Digital editing of the cuneiform texts from Haft Tappeh

Finished

Cuneiform texts are transliterated and made available digitally Vanessa Liebler for the i3mainz, CC BY SA 4.0

The project Digital editing of the cuneiform texts from Haft Tappeh is dedicated to the transliteration and digital availability of more than 600 cuneiform texts from Haft Tappeh, Iran. The aim of the project is the elaboration and further development of a digital workflow, taking into account existing tools, international standards and computer linguistic analysis methods.

Motivation

Haft Tappeh (the ancient city of Kabnak) is located in southwestern Iran in the province of Khuzestan, about 15 km southeast of the ancient city of Susa. Its geographical position made Haft Tappeh an important site in Bronze Age history and culture. To date, large-scale excavations have uncovered more than 1,400 text fragments of cuneiform tablets in the Babylonian language, along with the architectural remains of a palace.

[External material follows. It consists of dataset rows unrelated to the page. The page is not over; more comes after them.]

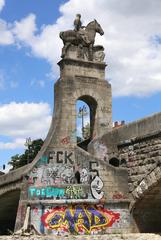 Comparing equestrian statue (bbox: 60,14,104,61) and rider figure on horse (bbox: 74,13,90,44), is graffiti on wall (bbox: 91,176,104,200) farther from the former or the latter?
rider figure on horse (bbox: 74,13,90,44)

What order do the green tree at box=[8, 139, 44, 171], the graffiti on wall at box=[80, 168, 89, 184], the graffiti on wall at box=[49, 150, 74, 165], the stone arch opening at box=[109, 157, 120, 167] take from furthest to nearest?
1. the green tree at box=[8, 139, 44, 171]
2. the stone arch opening at box=[109, 157, 120, 167]
3. the graffiti on wall at box=[49, 150, 74, 165]
4. the graffiti on wall at box=[80, 168, 89, 184]

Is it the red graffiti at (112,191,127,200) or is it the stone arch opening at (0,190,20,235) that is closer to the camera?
the red graffiti at (112,191,127,200)

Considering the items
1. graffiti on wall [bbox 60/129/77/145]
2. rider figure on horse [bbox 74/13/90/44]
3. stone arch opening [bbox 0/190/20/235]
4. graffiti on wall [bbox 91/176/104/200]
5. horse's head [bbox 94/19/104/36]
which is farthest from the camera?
stone arch opening [bbox 0/190/20/235]

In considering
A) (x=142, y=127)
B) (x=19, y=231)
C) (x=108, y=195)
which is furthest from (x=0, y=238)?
(x=142, y=127)

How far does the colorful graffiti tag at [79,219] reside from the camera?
19.4 metres

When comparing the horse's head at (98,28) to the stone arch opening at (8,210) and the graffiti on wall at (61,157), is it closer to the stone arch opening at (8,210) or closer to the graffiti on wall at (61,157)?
the graffiti on wall at (61,157)

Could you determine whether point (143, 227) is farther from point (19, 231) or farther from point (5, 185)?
point (5, 185)

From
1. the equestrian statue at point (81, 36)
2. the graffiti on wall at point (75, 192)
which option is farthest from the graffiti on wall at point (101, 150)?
the equestrian statue at point (81, 36)

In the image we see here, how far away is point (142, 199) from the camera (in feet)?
67.2

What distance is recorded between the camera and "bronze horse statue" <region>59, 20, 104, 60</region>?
76.3ft

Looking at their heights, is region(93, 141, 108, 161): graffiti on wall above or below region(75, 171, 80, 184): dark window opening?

Most of them are administrative documents, whose final linguistic editing is still pending.

In the first phase of the project, funded by the German Research Foundation (DFG), the 600 to 650 texts excavated by Behzad Mofidi-Nasrabadi of Johannes Gutenberg University Mainz will be digitally edited and prepared for machine reading. The processing with contemporary methods and the open availability of the results intend to enable the investigation of paleography, lexis, syntax, tablet formats, text categories, bureaucratic protocol and modus operandi of the important text corpus beyond the confines of Ancient Near East Studies.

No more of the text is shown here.